Problem description:
Within the entries below, find the portion that opens with the line containing "Slat シャルドネサワー 350ml" and closes with the line containing "墙面色彩的艺术化妆品店装修色彩搭配的奥秘". Retype that portion exactly and only.

··· Material for the task

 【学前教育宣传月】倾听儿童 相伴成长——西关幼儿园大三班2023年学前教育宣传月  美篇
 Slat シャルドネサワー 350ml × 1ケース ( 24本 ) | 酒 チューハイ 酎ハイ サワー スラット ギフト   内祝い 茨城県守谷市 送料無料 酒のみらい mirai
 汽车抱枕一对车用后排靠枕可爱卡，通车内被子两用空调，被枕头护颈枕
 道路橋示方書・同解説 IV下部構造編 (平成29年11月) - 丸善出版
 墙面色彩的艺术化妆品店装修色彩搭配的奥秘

······
··· Material for the task

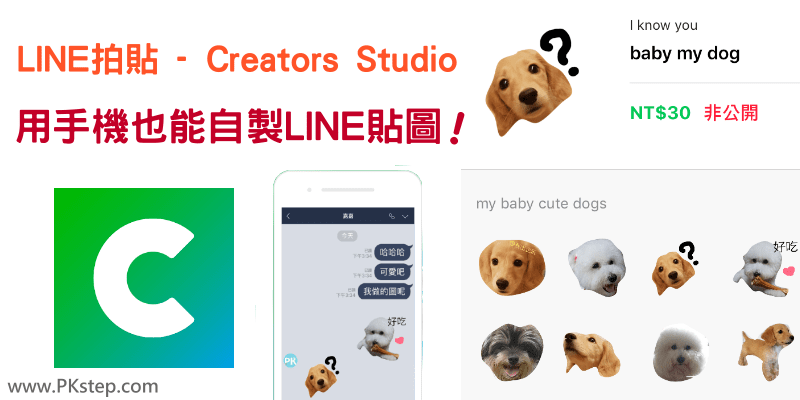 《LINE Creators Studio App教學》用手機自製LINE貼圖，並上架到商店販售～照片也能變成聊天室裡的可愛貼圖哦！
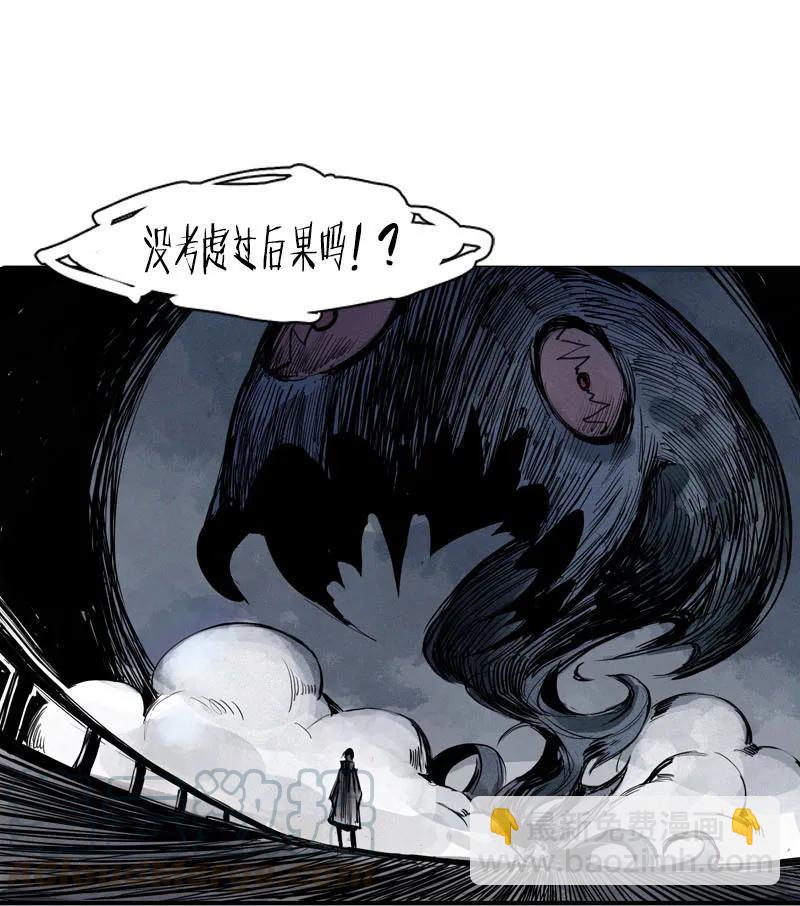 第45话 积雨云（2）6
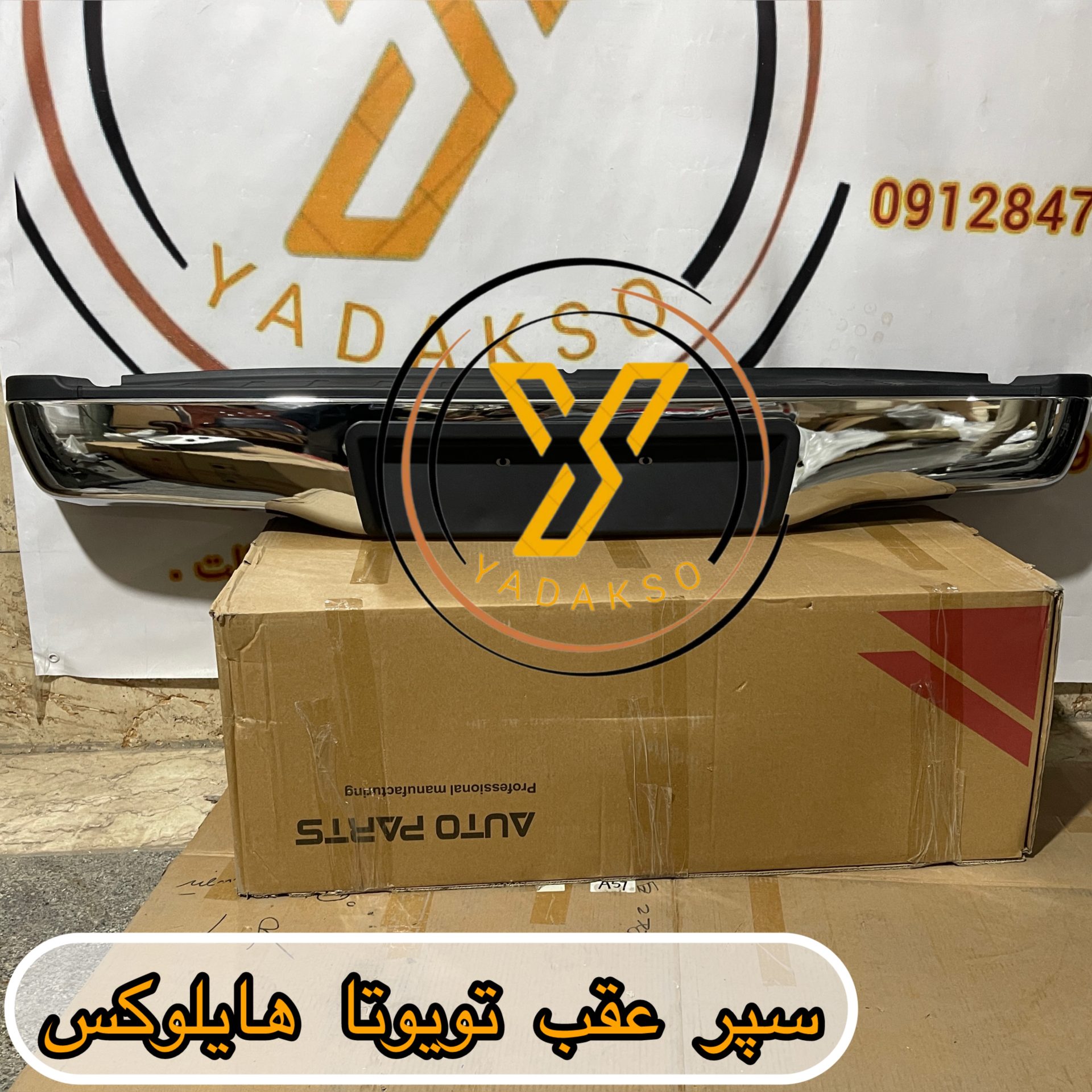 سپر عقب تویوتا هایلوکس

······
··· Material for the task

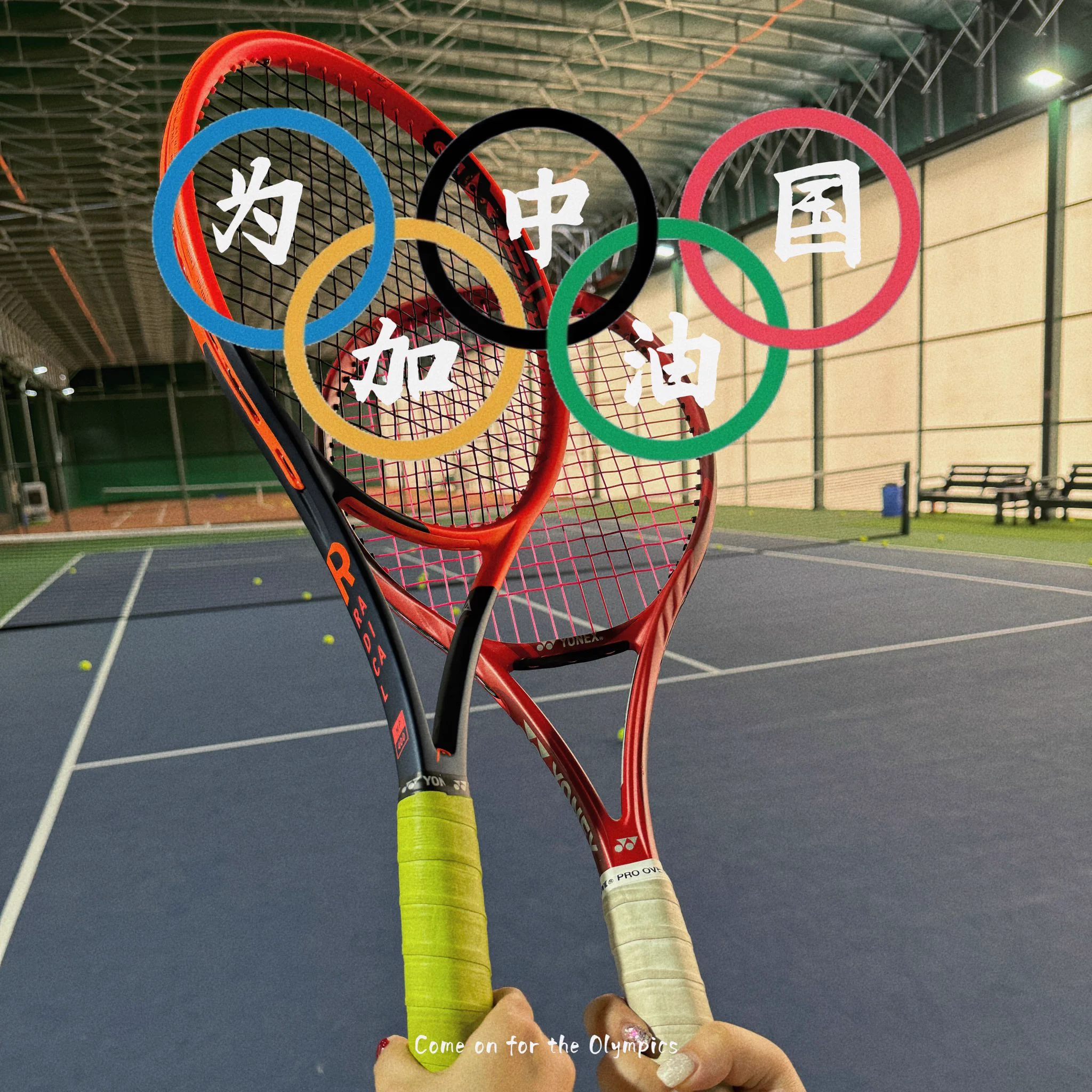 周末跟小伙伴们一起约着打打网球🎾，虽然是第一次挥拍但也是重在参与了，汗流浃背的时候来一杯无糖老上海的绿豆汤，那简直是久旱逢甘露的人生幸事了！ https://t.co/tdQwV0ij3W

······

Result:
 Slat シャルドネサワー 350ml × 1ケース ( 24本 ) | 酒 チューハイ 酎ハイ サワー スラット ギフト   内祝い 茨城県守谷市 送料無料 酒のみらい mirai
 汽车抱枕一对车用后排靠枕可爱卡，通车内被子两用空调，被枕头护颈枕
 道路橋示方書・同解説 IV下部構造編 (平成29年11月) - 丸善出版
 墙面色彩的艺术化妆品店装修色彩搭配的奥秘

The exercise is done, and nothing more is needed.